Impossibile ridurre in poche righe la carriera poliedrica di un'artista come Loredana Bertè, una figura eclettica che ha lasciato un'impronta indelebile nel panorama della musica, del cinema e della televisione italiana. Cantautrice, attrice e personalità televisiva di spicco, Loredana è anche la sorella minore della celebre Mia Martini. Il suo ingresso nel mondo dello spettacolo risale al 1965, quando inizia come ballerina presso il leggendario Piper Club. Tuttavia, il suo primo approccio con la musica avviene nel 1970, quando entra in uno studio di registrazione come corista, insieme alla sorella Mia, per l'album di Chico Buarque de Hollanda intitolato "Per un pugno di samba", arrangiato nientemeno che da Ennio Morricone.

IL SUCCESSO

Il 1974 segna un momento significativo con la pubblicazione del suo primo LP, "Streaking", un lavoro che sin da subito rivela l'indole provocatoria e anticonformista di Loredana. Nel medesimo anno, sconvolgendo le convenzioni dell'epoca, decide di posare nuda per un servizio fotografico su Playboy, dimostrando la sua volontà di sfidare i limiti imposti dalla società. Tuttavia, il vero successo arriva nel 1975 con il singolo "Sei bellissima", un brano che consacra definitivamente la sua presenza nel panorama musicale italiano. Nel 1978, il brano "Dedicato", scritto da Ivano Fossati, rafforza ulteriormente la sua posizione, preparando il terreno per l'arrivo di un'altra hit, "E la luna bussò", nel 1979, che segna l'introduzione del reggae in Italia. L'anno 1981 vede Loredana trascorrere alcuni mesi negli Stati Uniti per registrare l'album "Made in Italy". Durante il suo soggiorno a New York, entra in contatto con la leggendaria Factory di Andy Warhol, dove viene realizzato il videoclip del brano "Movie". Il 1982 è un altro anno di trionfi per Loredana Bertè, con la sua partecipazione al Festivalbar e il successo del singolo "Non sono una signora", un manifesto musicale per lei e per una generazione di donne. L'album "Traslocando", che include questo brano, vede la partecipazione di Mia Martini e le conferisce il suo primo disco di platino. La sua carriera continua a evolversi, e nel 1986 fa il suo esordio al Festival di Sanremo con "Re", esibendosi con una finta pancia per simulare una gravidanza, un gesto provocatorio che rimarrà nella memoria degli spettatori. Seguiranno altre dieci partecipazioni al Festival di Sanremo, tra cui il toccante duetto con la sorella Mia Martini nel 1993.
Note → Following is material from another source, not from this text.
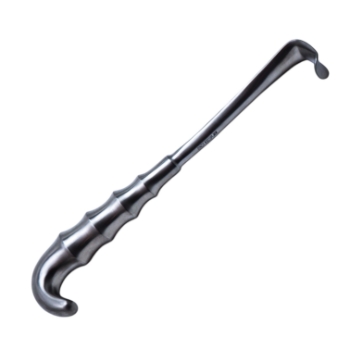 Richardson Retractor, Grip Handle, 3/4" Wide, 1" Deep, Overall Length 9-1/2" (241mm) 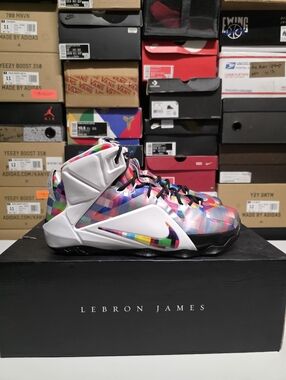 Nike LeBron 12 Prism 2014 684593-095 Multicolor Men's Basketball Sneaker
Nel corso degli anni Duemila, Loredana Bertè torna al centro dell'attenzione, non solo per la sua musica ma anche per la sua presenza televisiva. Nel 2014 è coach in "The Voice of Italy", ruolo che ricopre fino al 2023 con "The Voice Kids". Nel 2015, invece, si impegna come giudice nel talent show "Amici di Maria De Filippi". Parallelamente alla sua attività televisiva, Loredana continua a pubblicare album e singoli, dimostrando una sorprendente versatilità artistica. Collabora con artisti della nuova generazione della musica italiana, tra cui Calcutta, Tommaso Paradiso, Takagi & Ketra per la hit "Tequila e San Miguel", e Franco126 per "Mare malinconia".